#### DATA PROVIDED ####

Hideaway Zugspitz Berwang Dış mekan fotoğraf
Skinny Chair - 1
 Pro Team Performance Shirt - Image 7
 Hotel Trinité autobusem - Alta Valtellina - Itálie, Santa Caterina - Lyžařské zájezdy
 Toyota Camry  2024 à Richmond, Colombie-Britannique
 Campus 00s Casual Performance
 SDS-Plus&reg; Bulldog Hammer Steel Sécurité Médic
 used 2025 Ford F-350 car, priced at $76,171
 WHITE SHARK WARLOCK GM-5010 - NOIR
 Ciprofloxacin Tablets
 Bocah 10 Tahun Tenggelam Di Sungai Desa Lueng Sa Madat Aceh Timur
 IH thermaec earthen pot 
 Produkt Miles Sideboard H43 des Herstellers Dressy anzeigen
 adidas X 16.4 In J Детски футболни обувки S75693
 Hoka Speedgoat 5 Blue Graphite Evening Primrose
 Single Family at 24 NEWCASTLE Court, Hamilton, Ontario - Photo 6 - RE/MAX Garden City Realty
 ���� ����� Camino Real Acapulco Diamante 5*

####

EXERCISE BRIEF: For this exercise, please output exactly the lines above starting at the line with "Produkt Miles Sideboard" and ending at the line with "Single Family at", ends included.

OUTPUT:
 Produkt Miles Sideboard H43 des Herstellers Dressy anzeigen
 adidas X 16.4 In J Детски футболни обувки S75693
 Hoka Speedgoat 5 Blue Graphite Evening Primrose
 Single Family at 24 NEWCASTLE Court, Hamilton, Ontario - Photo 6 - RE/MAX Garden City Realty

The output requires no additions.